UDL is an inclusive educational framework that guides curriculum development for all learners by providing them with opportunities for equal education. Through flexible approaches, UDL provides a blueprint for instructional goals, methods, materials, and assessments.
This video explores the principles of UDL and the importance of applying them in online and in-person classes
The three principles of UDL
The UDL principles are based on the three-network model of learning that considers the variability of all learners—including learners who were formerly relegated to “the margins” of our educational systems but now are recognized as part of the predictable spectrum of variation.
These principles guide the design of learning environments with a deep understanding and appreciation for individual variability.

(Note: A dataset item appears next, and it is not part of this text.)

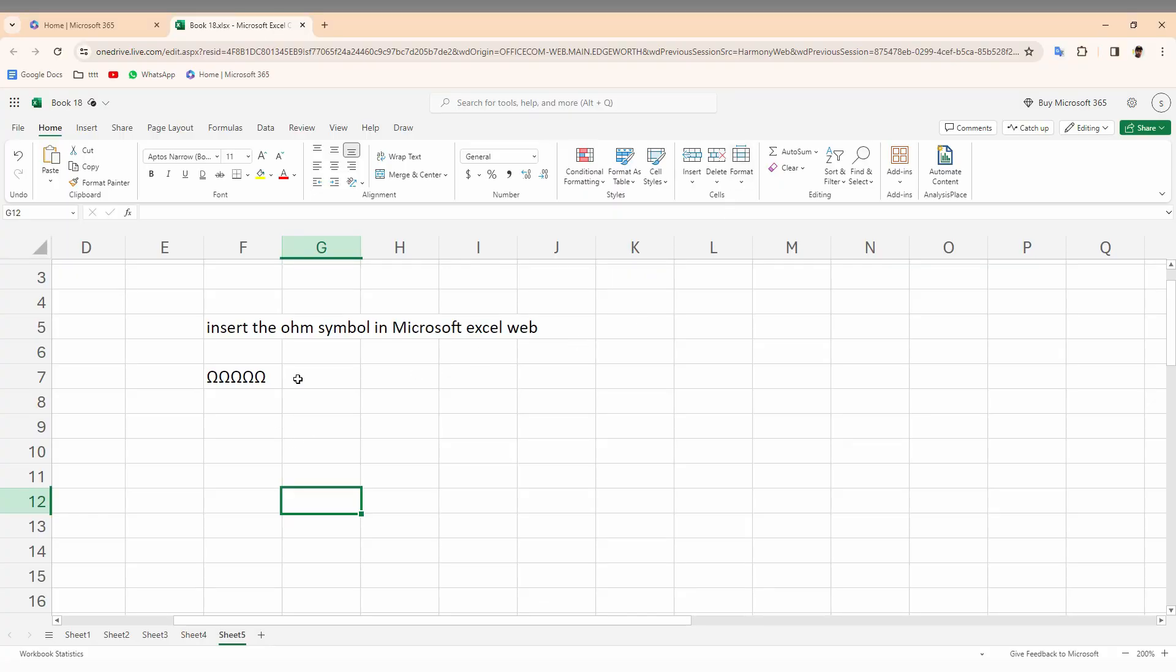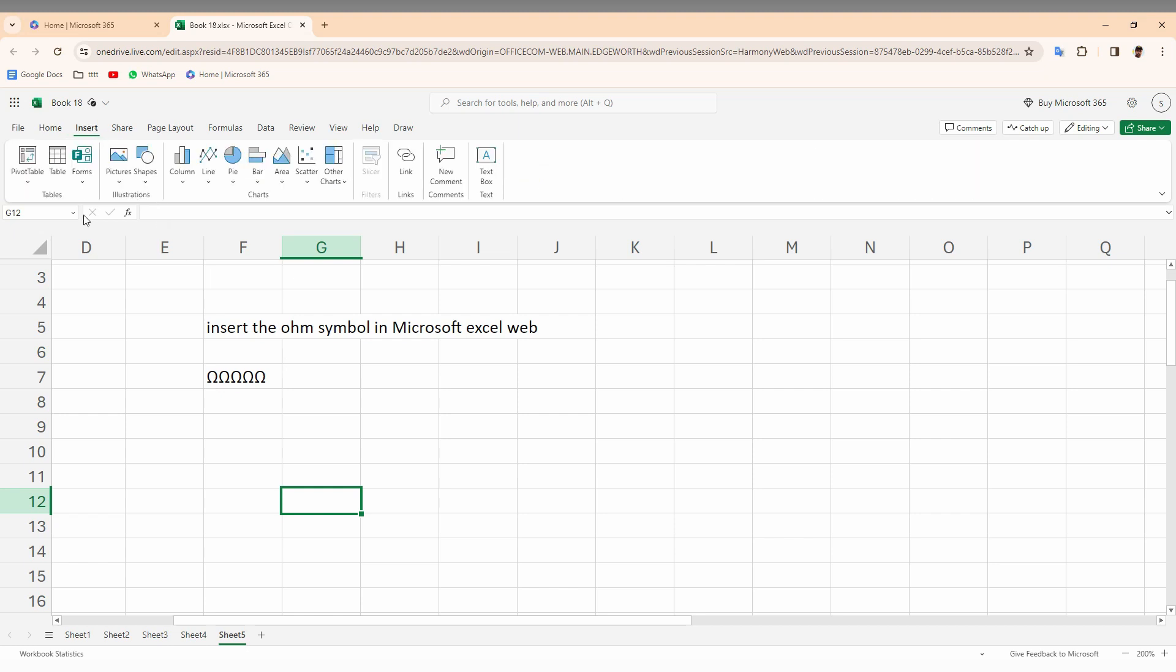How to insert the ohm symbol on your Microsoft Excel web? If I just want to insert the symbol, we normally just go inside the insert option and find the symbol option. But in the case of Microsoft Excel web, there is no insert symbol option present on your Microsoft Excel web.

The UDL guidelines are a tool used in the implementation of UDL. These guidelines offer a set of concrete suggestions that can be applied to any discipline or domain to ensure that all learners can access and participate in meaningful, challenging learning opportunities.
Benefits of applying UDL in higher education
UDL promotes student health & wellbeing, supports teaching excellence, ensures access, supports diverse student populations, reduces the need for some individualized accommodations and supports all students, not just those with disabilities.
UDL Plus 1 approach
While applying all the UDL guidelines to your course may seem daunting at first, it doesn't have to be. Start small by applying the UDL Plus 1 approach. In designing your curriculum and delivery models, simply consider adding one more path to success. For example, consider turning on captioning when showing videos, sharing your slide deck with students as they follow along a live lecture, or allow students to submit either written or audio recorded responses to assignments/activities.

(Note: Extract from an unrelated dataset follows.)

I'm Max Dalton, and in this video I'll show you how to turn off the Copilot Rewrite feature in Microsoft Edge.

Examples of how to keep students engaged
Send students a welcome message at the beginning of the semester
Send regular encouraging messages to students (i.e., weekly, bi-monthly)
Offer no-consequence practice
Show content relevance to students
Tie course goals to student lives
Increase mastery-oriented feedback
Examples of how to represent content in more than one way
Create alt-text description for images
Turn on captioning for videos and lectures on Zoom
Clarify vocabulary and symbols
Provide transcript for video and audio
Provide slide decks to students to follow along during lectures
Examples of how students can demonstrate their skills in different ways
Provide options for submitting work both in written format and an audio recording
Give students the option to work alone or in a group
Allow students to choose between doing live or pre-recorded presentations
Help students plan work
Course outline statements
By including an accessibility and UDL statement in your course outline, students will be made aware of what UDL elements have been included in the course, as well as the options that exist for them if accommodations are required. If you need support customizing the accessibility and UDL statement for your course, please contact CTL.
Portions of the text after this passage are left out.